Limitations to analyses in this work include the relatively small sample size, the limited assessment of memory ability, and the cross-sectional design of analyses, which prevent us from making conclusions about causality in any of the relationships identified. Additionally, the non-specificity of L1CAM + extracellular vesicles for CNS could hamper their utility to assess brain insulin function. Notably, we found no evidence that R was associated with HOMA2-IR, cognition, or functional brain connectivity. This does not necessarily mean that NISAs are not related to cognitive decline. If more reliable measures of NISAs are developed, recreating analyses in the present work may provide a more accurate view of the relationship between NISAs and cognitive decline. Additionally, studies could explore the effects of NISAs in different populations and assess their impact on a wider variety of cognitive outcomes. In addition to investigation of alternative measures of NISAs and neuronal insulin resistance, future work could take advantage of alternative imaging modalities, such as fluorodeoxyglucose positron emission tomography (FDG-PET) imaging or SV2A imaging, which assess glucose uptake and synaptic density, respectively.
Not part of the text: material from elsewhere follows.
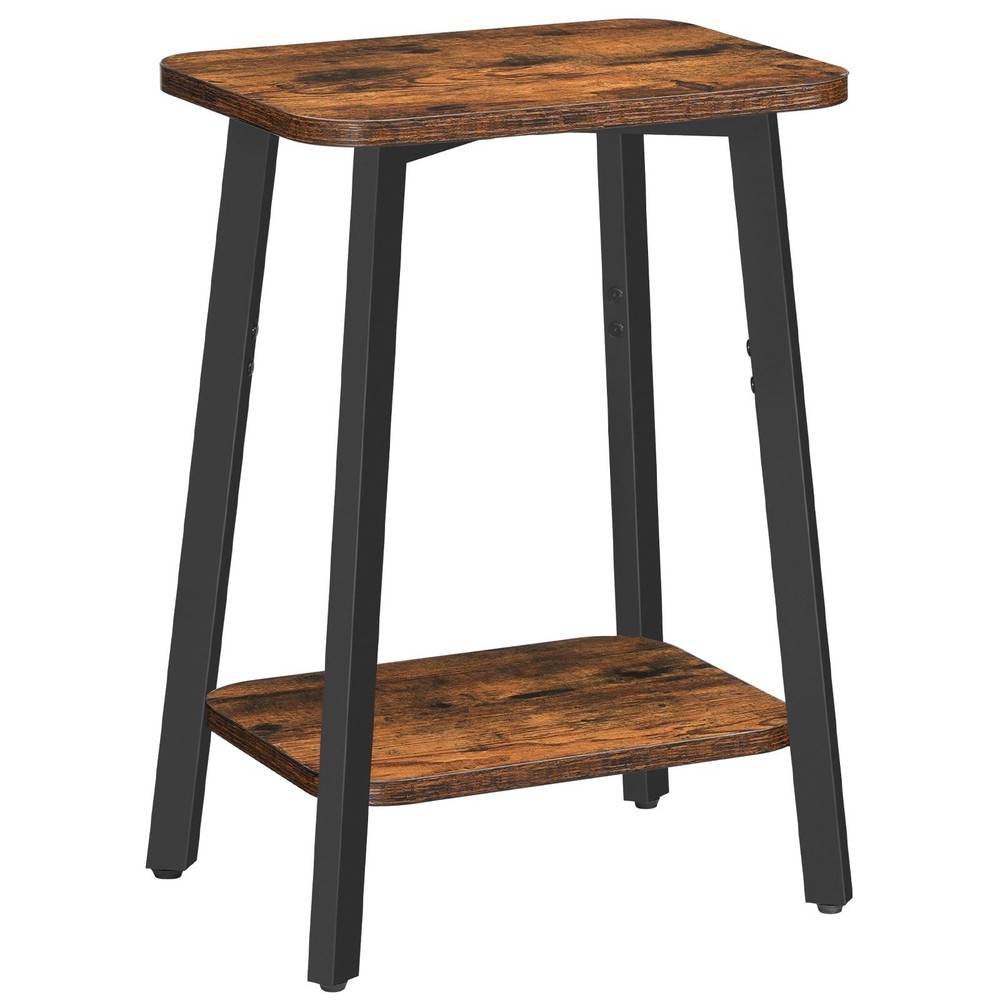 Side Table, Small Rectangular End Table with Storage Shelf, 2-Tier Bedside Table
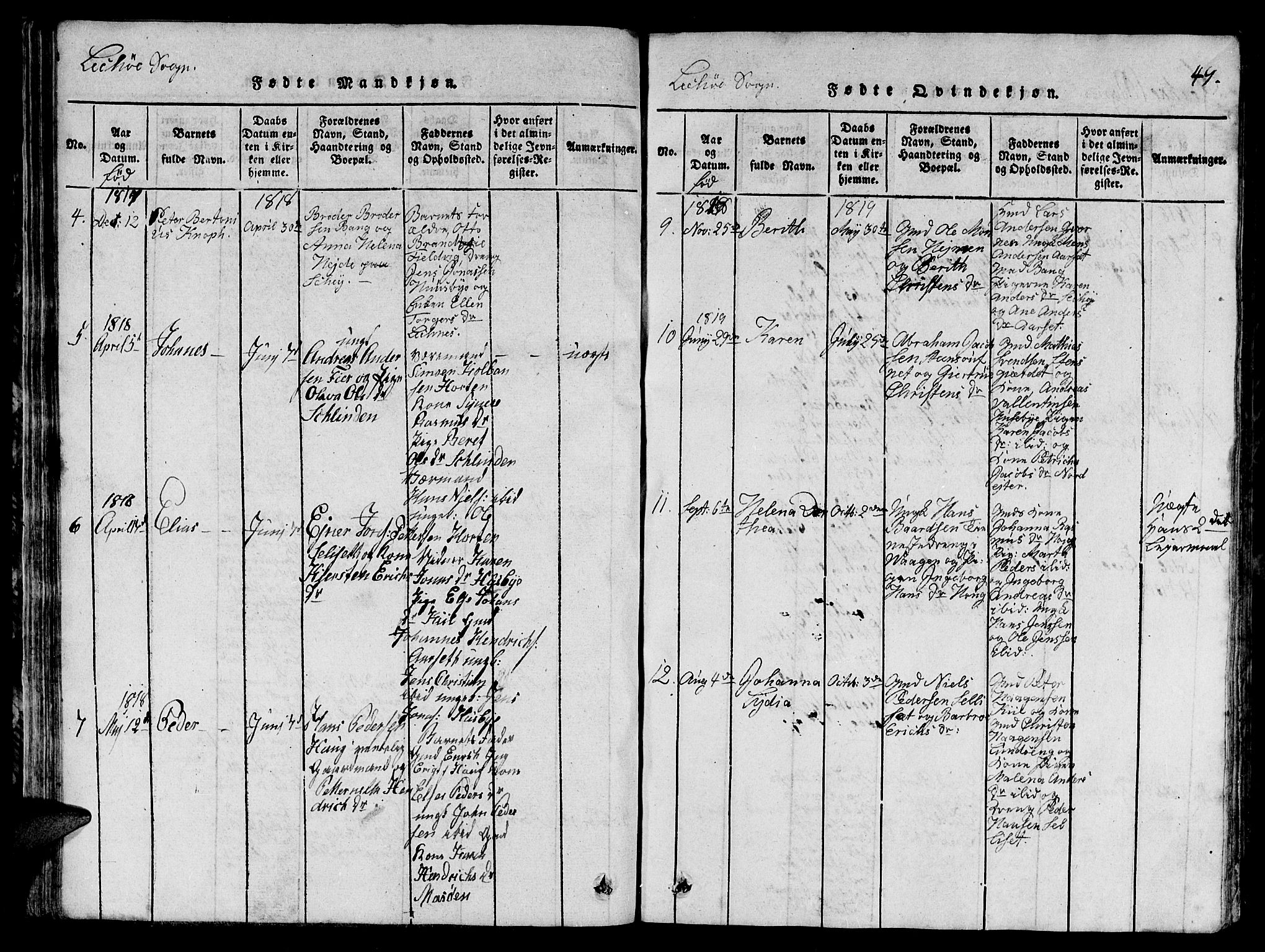 Ministerialprotokoller, klokkerbøker og fødselsregistre - Nord-Trøndelag, SAT/A-1458/780/L0648: Parish register (copy) no. 780C01 /2, 1815-1875, p. 49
We conclude by summarizing that PIR was negatively associated with executive function and different functional connectivity in the hippocampus. Further, the statistical interaction between PIR and hippocampal local efficiency was associated with executive function. Ultimately, the findings of this study support the existence of a relationship between PIR and brain function, but limitations to the method for measuring NISAs prevent us from making conclusive statements about the role of NISAs or neuronal insulin resistance in cognitive decline.